Discovery of the Brightest Quasar: Insights into a Rapidly Growing Black Hole

Astronomers Unveil J0529-4351, the Fastest-Growing Quasar in History

Feb 20, 2024 - 11:39
Discovery of the Brightest Quasar: Insights into a Rapidly Growing Black Hole
Artist’s impression of the record-breaking quasar J0529-4351.

A far-off quasar driven by a supermassive black hole that consumes the mass of one Sun-sized star per day is wrongly identified as a star in the Milky Way galaxy.

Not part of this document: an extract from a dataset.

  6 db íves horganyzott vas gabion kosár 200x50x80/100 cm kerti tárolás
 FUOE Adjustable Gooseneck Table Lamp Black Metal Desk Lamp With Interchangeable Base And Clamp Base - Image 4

On Monday, a global group of scientists announced that the object possessed a supermassive black hole with a mass around 17 billion times that of the Sun, making it the brightest and fastest-growing quasar found to date. Its light took 12 billion years to reach Earth because it is so far away.

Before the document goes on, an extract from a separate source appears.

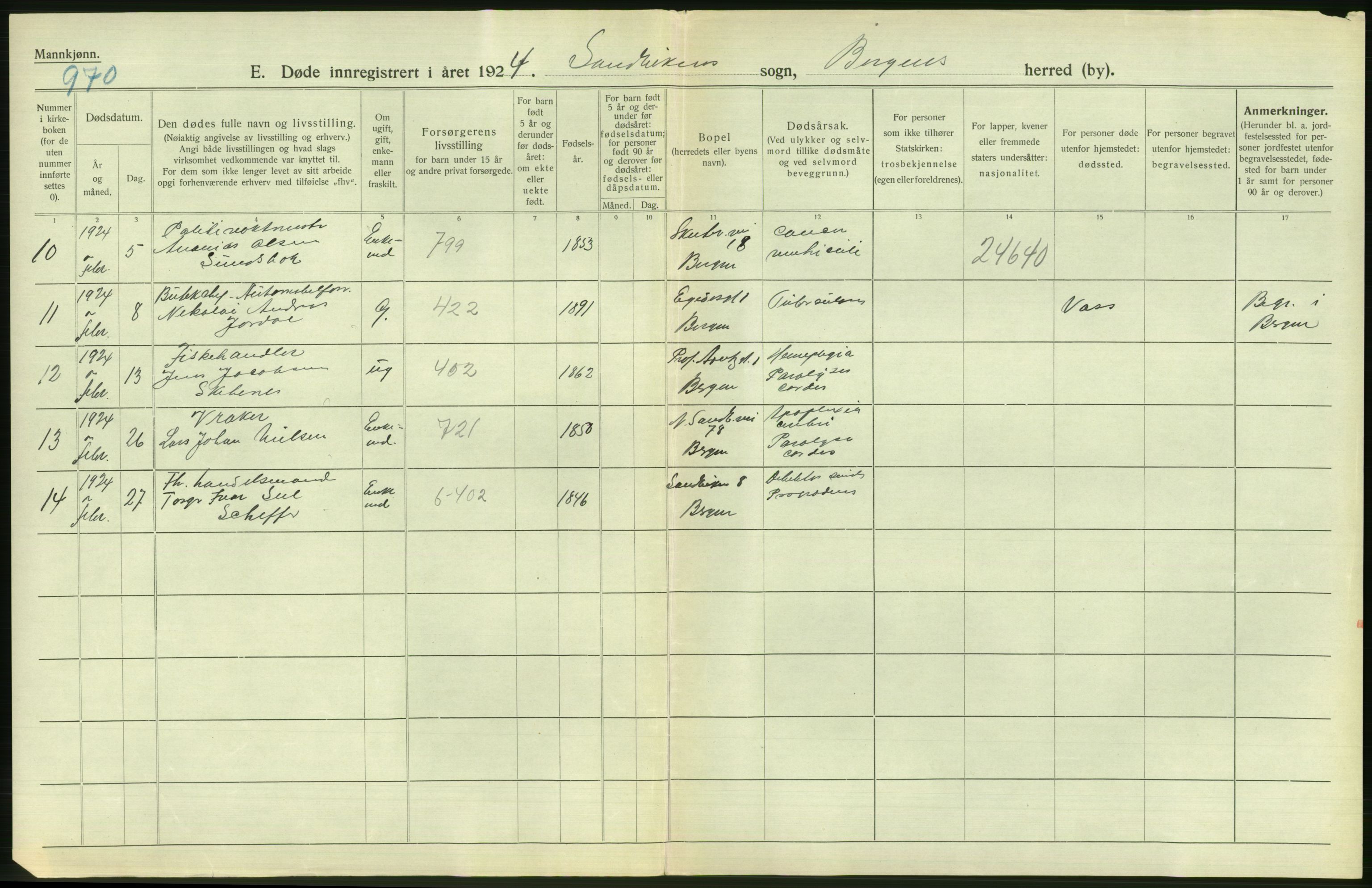 Statistisk sentralbyrå, Sosiodemografiske emner, Befolkning, AV/RA-S-2228/D/Df/Dfc/Dfcd/L0028: Bergen: Gifte, døde., 1924, p. 474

The brightest objects known are quasars, which were originally identified in 1963. Quasars are galaxies with supermassive black holes at their centers that eat gas, dust, and everything else within their gravitational pull. This feeding process releases vast quantities of energy.

Astronomers have documented around a million quasars in the last sixty years.

When J0529-4351, the newly discovered quasar, first surfaced in a sky scan in June 2022, it was mistakenly identified as a star. However, recent investigations have shown that it is a quasar with a core supermassive black hole that is accreting material at a pace equivalent to 370 Sun-like stars year, or around one Sun per day.

Christian Wolf, an associate professor at the Australian National University, and his colleagues from Chile and France claimed that J0529-4351 is the most extreme known quasar in terms of brightness and expected development rate in an article that was published in the journal Nature Astronomy on Monday.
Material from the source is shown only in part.